Difference between revisions of "Chapter 9 Problem 89"

Problem

A gun fires a bullet vertically into a 1.40-kg block of wood at rest on a thin horizontal sheet. If the bullet has a mass of 24.0 g and a speed of 310 m/s, how high will the block rise into the air after the bullet becomes embedded in it?

Solution

The collision is totally inelastic and conserves momentum.

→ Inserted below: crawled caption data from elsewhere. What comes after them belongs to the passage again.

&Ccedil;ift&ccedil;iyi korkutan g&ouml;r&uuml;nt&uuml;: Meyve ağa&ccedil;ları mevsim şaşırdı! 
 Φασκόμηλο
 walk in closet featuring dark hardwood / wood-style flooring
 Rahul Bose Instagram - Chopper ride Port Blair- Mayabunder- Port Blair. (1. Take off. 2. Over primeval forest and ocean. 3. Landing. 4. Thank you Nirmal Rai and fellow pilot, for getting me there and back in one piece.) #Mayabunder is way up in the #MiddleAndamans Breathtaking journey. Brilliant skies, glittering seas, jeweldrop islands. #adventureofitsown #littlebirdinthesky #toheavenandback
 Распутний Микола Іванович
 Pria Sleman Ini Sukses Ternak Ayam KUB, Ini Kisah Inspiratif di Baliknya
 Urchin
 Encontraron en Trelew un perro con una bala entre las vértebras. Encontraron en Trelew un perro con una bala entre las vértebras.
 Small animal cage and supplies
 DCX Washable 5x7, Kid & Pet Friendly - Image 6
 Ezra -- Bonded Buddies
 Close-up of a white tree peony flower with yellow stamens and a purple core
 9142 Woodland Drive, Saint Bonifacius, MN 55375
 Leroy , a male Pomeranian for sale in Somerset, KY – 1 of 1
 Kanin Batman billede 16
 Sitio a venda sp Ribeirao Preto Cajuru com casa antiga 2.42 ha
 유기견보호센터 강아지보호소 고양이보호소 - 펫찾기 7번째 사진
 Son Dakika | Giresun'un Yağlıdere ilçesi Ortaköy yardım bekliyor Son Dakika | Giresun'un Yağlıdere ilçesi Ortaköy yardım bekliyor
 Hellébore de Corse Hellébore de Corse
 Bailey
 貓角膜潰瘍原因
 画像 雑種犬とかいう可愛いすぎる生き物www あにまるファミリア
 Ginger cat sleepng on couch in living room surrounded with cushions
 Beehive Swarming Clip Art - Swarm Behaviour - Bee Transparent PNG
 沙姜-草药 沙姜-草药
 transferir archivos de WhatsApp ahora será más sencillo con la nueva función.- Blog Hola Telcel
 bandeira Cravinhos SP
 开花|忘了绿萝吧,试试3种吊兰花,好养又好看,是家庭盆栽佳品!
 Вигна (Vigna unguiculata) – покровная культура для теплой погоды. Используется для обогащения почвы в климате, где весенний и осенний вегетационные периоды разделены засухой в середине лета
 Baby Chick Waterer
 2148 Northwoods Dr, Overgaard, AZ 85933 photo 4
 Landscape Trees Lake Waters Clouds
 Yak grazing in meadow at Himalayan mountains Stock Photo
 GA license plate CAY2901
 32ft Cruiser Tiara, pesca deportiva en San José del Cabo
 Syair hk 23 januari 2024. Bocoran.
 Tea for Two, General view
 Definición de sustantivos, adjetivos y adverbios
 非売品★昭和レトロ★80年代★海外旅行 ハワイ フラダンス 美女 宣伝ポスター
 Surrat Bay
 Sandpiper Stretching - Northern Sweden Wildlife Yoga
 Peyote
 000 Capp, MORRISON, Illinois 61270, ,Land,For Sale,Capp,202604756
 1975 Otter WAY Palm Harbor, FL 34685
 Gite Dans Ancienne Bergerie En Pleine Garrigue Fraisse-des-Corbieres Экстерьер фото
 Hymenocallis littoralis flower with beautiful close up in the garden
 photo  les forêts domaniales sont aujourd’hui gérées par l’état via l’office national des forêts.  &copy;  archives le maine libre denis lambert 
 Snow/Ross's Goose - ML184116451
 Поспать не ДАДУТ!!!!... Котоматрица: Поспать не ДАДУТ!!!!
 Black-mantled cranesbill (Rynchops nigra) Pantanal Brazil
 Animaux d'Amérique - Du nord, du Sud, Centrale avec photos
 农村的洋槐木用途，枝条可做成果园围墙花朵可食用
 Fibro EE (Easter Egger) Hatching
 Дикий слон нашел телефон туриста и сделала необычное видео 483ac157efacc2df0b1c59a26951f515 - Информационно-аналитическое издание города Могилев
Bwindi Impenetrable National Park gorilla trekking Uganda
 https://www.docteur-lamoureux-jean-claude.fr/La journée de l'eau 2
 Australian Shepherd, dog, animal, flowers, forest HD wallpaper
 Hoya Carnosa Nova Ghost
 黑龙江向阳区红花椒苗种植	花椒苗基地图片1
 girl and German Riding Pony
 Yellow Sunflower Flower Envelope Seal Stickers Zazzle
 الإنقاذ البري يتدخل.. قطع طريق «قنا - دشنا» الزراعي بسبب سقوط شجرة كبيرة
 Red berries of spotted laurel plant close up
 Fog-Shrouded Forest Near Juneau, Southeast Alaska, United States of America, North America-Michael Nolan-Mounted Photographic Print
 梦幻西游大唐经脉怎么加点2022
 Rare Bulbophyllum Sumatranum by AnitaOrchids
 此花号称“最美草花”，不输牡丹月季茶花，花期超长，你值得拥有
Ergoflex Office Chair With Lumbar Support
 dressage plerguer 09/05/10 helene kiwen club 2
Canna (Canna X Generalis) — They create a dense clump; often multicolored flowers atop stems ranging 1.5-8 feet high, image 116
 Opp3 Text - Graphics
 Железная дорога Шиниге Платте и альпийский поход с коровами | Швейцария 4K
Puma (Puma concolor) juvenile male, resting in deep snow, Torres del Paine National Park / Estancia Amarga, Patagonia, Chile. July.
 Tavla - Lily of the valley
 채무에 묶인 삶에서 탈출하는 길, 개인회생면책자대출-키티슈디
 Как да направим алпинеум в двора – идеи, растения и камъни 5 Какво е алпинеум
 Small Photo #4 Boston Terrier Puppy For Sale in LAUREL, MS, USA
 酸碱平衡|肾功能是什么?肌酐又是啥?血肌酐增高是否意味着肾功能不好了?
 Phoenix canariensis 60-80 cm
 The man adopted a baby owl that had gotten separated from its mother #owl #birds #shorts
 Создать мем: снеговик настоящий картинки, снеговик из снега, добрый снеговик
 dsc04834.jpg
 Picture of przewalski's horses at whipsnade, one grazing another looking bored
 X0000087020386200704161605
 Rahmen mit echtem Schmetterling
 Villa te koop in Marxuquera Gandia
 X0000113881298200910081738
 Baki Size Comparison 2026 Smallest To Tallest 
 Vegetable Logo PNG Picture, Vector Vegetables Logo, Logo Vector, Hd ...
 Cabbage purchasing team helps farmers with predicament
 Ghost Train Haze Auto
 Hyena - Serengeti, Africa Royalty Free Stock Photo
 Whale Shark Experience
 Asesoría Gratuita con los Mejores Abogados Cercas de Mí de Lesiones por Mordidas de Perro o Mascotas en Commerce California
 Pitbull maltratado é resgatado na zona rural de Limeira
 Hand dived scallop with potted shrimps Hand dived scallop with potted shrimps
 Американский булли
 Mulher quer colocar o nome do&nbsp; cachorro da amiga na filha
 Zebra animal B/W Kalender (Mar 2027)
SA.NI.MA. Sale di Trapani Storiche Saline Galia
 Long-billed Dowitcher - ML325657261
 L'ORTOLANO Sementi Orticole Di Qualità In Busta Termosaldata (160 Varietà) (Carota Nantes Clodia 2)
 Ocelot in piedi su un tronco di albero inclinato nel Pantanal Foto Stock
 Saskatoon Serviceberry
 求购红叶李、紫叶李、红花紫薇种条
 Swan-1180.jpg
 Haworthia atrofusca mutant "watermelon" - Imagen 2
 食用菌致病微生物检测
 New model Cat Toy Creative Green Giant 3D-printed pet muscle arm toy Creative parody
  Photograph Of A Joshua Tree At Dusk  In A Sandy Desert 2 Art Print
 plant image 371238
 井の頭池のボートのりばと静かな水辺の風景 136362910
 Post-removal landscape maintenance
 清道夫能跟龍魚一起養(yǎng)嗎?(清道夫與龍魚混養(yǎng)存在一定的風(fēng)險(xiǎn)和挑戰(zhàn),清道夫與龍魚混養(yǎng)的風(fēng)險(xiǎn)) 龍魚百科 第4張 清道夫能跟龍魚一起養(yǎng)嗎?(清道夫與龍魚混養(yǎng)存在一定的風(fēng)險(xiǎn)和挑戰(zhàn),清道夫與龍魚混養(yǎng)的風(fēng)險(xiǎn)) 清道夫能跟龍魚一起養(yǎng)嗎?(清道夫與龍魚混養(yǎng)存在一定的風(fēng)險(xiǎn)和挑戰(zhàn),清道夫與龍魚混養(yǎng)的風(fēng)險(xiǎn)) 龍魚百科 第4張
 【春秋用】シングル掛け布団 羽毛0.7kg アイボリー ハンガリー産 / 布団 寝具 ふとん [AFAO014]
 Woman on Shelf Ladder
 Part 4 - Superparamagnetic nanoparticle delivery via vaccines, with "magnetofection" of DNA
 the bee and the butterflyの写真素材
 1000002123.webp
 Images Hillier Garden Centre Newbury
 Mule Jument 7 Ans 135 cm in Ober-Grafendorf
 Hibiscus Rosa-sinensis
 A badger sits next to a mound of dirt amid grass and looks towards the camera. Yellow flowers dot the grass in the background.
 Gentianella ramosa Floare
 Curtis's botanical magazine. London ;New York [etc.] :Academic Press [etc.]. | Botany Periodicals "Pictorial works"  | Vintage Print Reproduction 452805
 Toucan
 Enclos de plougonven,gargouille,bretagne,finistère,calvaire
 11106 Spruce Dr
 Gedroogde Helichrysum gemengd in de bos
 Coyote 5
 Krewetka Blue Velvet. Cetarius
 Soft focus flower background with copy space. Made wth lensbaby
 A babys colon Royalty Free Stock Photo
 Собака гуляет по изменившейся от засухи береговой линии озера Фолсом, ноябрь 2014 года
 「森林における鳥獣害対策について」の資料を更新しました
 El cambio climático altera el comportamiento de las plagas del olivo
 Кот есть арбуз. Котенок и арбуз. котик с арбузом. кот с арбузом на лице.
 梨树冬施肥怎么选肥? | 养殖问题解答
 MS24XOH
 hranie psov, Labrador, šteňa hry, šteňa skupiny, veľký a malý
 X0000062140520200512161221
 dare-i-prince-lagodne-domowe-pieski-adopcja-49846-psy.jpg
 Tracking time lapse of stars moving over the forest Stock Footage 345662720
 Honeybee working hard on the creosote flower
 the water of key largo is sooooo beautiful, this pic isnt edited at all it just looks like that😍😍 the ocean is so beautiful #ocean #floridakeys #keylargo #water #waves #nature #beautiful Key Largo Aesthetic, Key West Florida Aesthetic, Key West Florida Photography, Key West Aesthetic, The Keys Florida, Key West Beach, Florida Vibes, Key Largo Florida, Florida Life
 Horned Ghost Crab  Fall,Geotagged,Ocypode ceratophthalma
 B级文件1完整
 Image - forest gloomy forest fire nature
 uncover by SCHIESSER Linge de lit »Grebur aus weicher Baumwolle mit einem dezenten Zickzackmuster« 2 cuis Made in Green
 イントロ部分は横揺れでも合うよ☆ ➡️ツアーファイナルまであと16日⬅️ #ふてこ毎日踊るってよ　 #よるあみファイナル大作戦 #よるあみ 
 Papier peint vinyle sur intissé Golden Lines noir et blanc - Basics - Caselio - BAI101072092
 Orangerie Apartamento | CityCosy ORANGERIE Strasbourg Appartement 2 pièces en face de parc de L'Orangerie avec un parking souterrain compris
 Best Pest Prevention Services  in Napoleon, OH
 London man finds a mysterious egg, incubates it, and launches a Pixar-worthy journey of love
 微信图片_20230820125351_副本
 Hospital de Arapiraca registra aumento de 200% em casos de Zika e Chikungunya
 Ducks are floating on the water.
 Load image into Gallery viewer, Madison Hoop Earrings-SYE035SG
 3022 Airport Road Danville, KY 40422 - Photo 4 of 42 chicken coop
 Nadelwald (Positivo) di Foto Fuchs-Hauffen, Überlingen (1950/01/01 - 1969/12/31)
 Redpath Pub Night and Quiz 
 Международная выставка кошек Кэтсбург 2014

In the second part the energy is conserved in the rising of the block and embedded bullet after the collision.

first part: ${\displaystyle P_{i}=P_{f}}$ ${\displaystyle \rightarrow mv=(m+M)v^{\prime }}$

second part: ${\displaystyle K_{i}+U_{i}=K_{f}+U_{f}}$ ${\displaystyle \rightarrow {\frac {1}{2}}(m+M)v^{\prime 2}+0=0+(m+M)gh}$

${\displaystyle v^{\prime }={\sqrt {2gh}}}$

hence

${\displaystyle v={\frac {m+M}{m}}v^{\prime }={\frac {m+M}{m}}{\sqrt {2gh}}}$

${\displaystyle \rightarrow h={\frac {1}{2g}}\left({\frac {mv}{m+M}}\right)^{2}={\frac {1}{2\left(9.80{\text{m/s}}^{2}\right)}}\left({\frac {\left(0.0240{\text{kg}}\right)\left(310{\text{m/s}}\right)}{\left(0.0240{\text{kg}}\right)+\left(1.40{\text{kg}}\right)}}\right)^{2}=1.4{\text{m}}}$